Vertretung der Sprachgruppen in der allgemeinen Bundesverwaltung

Der Nationalrat befasste sich mit einer im Vorjahr vom Ständerat überwiesenen und auch von einer Mehrheit seiner vorberatenden Kommission unterstützten Motion Rüesch (fdp, SG). Diese hatte vom Bundesrat verlangt, die Bestimmungen der Pensionskasse des Bundes in dem Sinne zu ändern, dass die hohen Einkaufssummen für Kaderpersonal, welches von der Privatwirtschaft zum Bund wechseln möchte, nicht zu einem Hinderungsgrund für eine Anstellung werden. Bundesrat Stich verwies auf die wachsende Bedeutung der Freizügigkeitsabkommen und bekämpfte zusammen mit Eggenberger (sp, BE) diesen Vorstoss, welcher seiner Meinung nach im Endeffekt zu einer generellen Übernahme der Einkaufskosten durch den Bund führen würde.
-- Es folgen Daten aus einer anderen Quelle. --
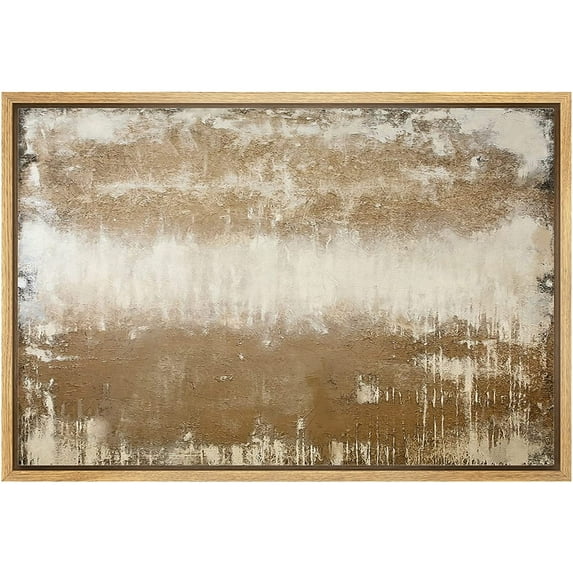 wall26 Framed Canvas Print Wall Art Minimal Vintage Brown Past Paint Stroke Collage Abstract Shapes Illustrations Modern Art Decorative Contemporary for Living Room, Bedroom, Office - 16x24 Natural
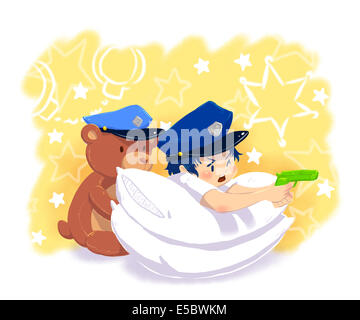 Immagine illustrativa del ragazzo in uniforme della polizia mira con la pistola da orsacchiotto di peluche che rappresentano l'aspirazione Foto Stock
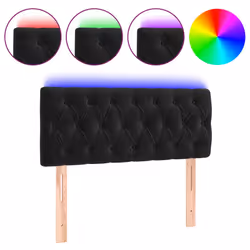 vidaXL Testiera a LED Nera 100x7x78/88 cm in Velluto - Vista aggiuntiva 2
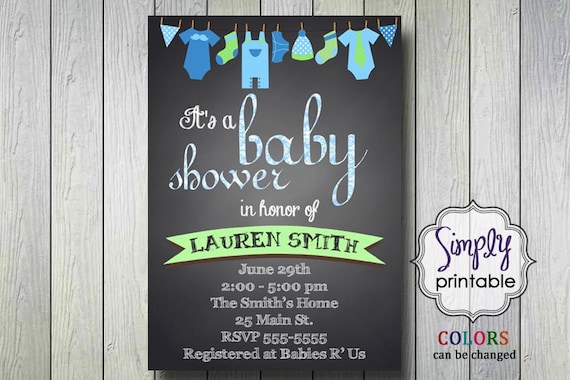Baby Shower Invite Clothesline Il_570xn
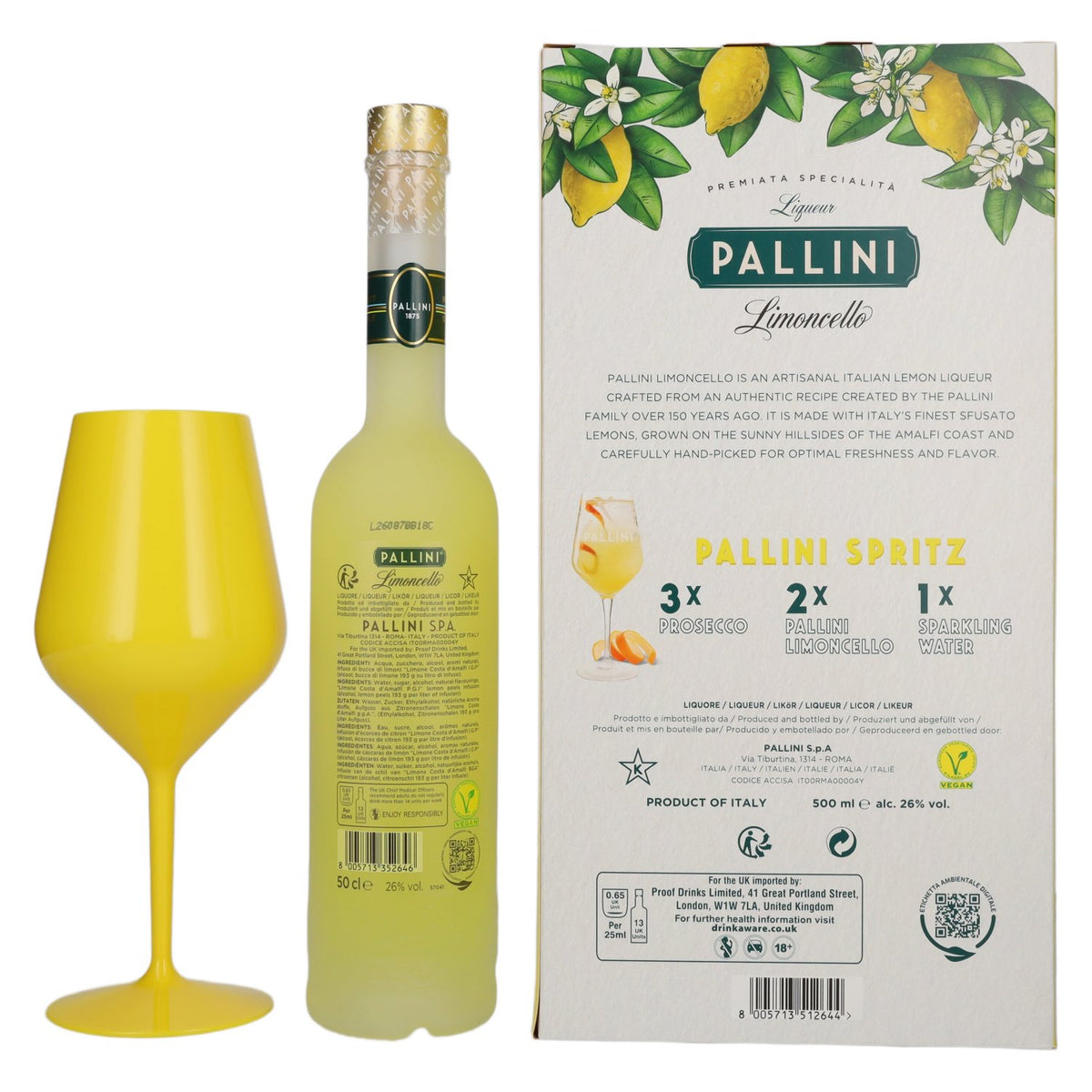 Pallini Limoncello Liqueur 26% ABV, 0.5 litres, in a gift box with a glass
Der Rat folgte dieser Argumentation und überwies die Motion lediglich in Postulatsform.

Motion Pensionskasse des Bundes

Der Grüne Rebeaud (GE) nahm ebenfalls die Praktiken beim Referendum gegen die Parlamentsreform zum Anlass, um mit einer vom Nationalrat noch nicht behandelten parlamentarischen Initiative ein Verbot für bezahlte Unterschriftensammler und für den Massenversand von Unterschriftenbogen zu verlangen. Zwei parlamentarische Initiativen, welche eine Anpassung der für Referendum (Rychen, svp, BE) resp. Volksinitiative (Seiler, svp, BE) benötigten Unterschriftenzahl an die stark gestiegene Zahl der Stimmberechtigten verlangten, fanden in der Staatspolitischen Kommission des Nationalrats keine Unterstützung.